Problem description:
Of the entries below, return only those lines from the line with "Realizzazione grafica sulla disabilità" to the line with "Ecarpetgallery Moroccan Blue", exactly, both included.

Records for this exercise:

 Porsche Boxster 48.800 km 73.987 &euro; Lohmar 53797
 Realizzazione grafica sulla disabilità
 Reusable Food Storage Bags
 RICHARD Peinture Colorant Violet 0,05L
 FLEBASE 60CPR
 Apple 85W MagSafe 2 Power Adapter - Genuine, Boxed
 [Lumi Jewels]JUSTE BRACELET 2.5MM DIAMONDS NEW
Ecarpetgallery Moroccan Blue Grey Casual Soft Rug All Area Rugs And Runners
* * *
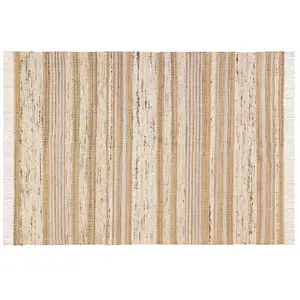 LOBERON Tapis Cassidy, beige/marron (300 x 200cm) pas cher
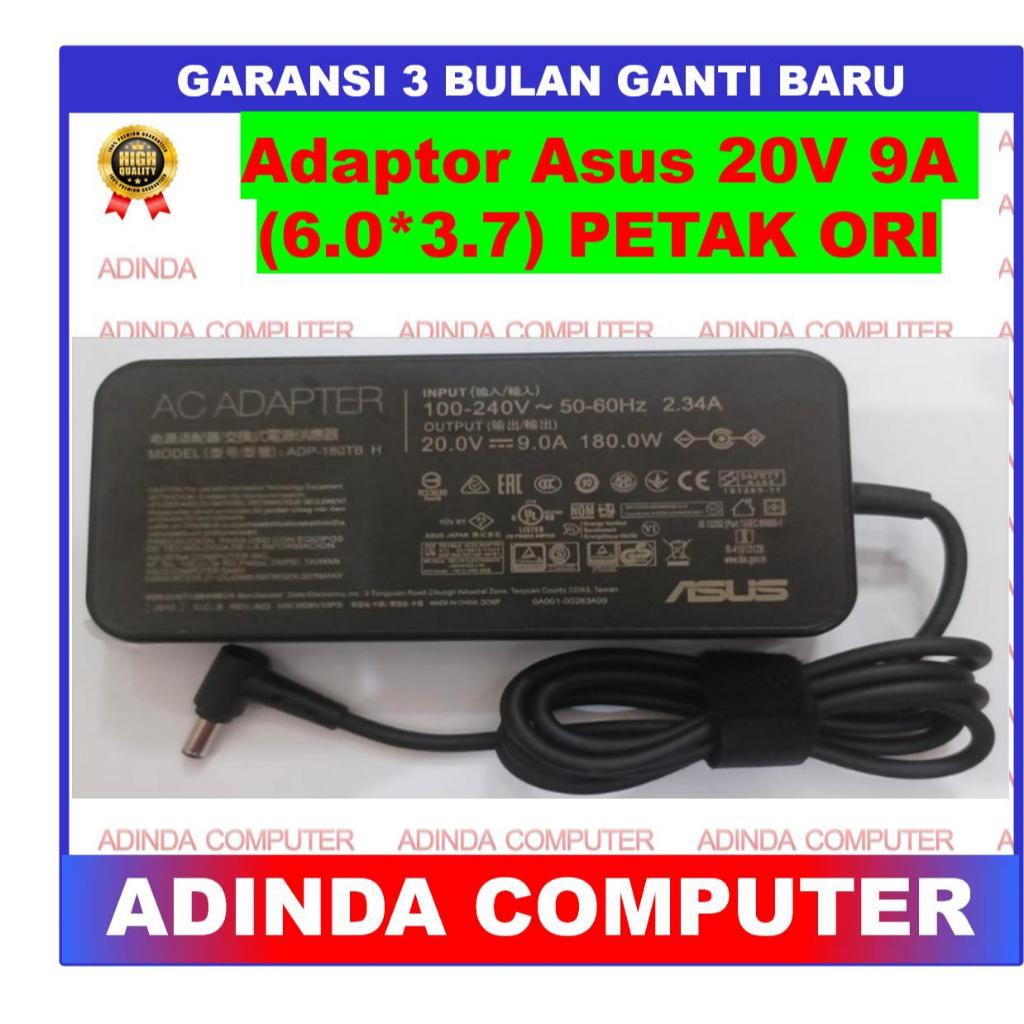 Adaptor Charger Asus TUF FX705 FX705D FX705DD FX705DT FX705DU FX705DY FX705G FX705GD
---
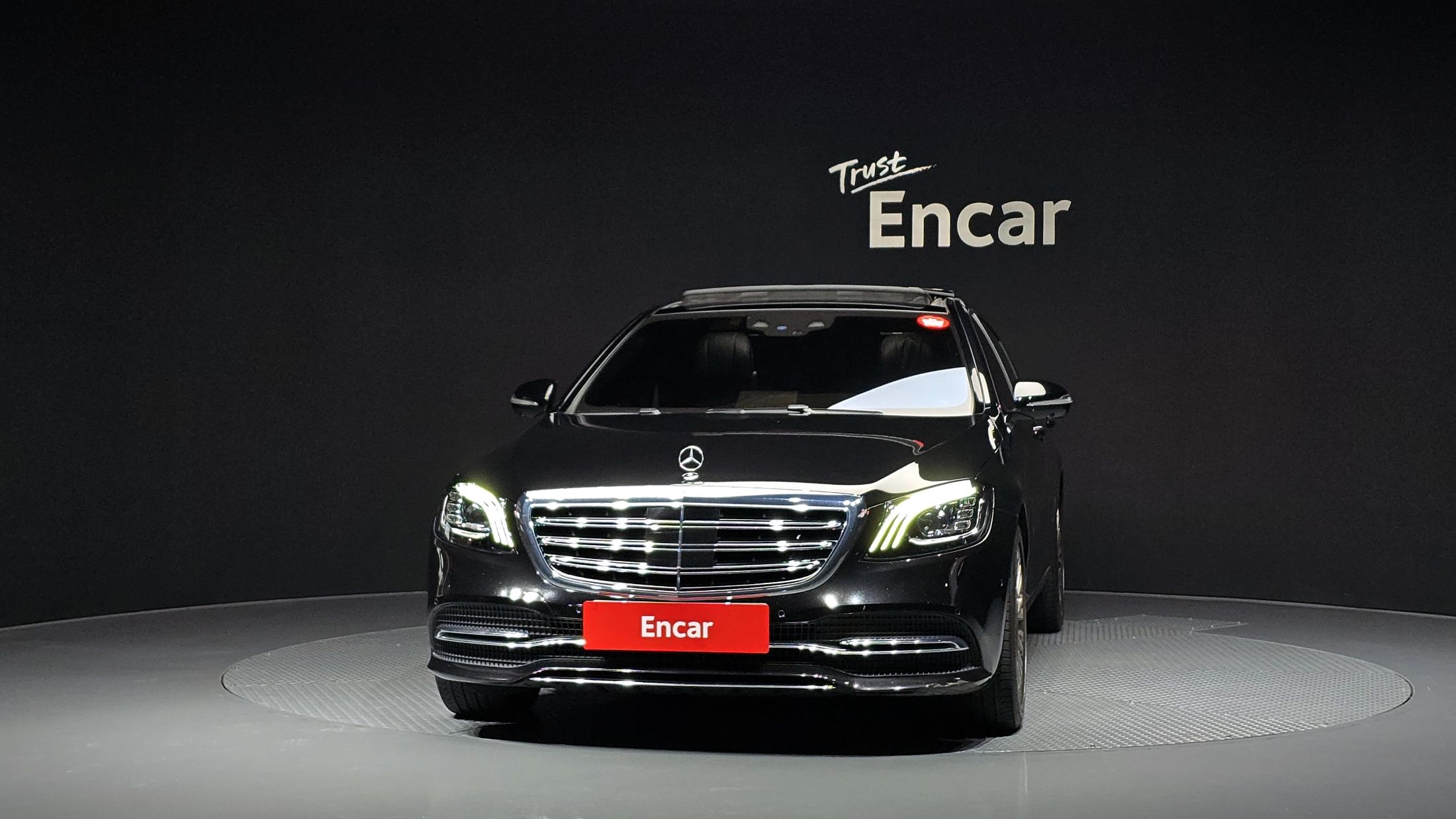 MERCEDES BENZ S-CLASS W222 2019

Response to the task:
 Realizzazione grafica sulla disabilità
 Reusable Food Storage Bags
 RICHARD Peinture Colorant Violet 0,05L
 FLEBASE 60CPR
 Apple 85W MagSafe 2 Power Adapter - Genuine, Boxed
 [Lumi Jewels]JUSTE BRACELET 2.5MM DIAMONDS NEW
Ecarpetgallery Moroccan Blue Grey Casual Soft Rug All Area Rugs And Runners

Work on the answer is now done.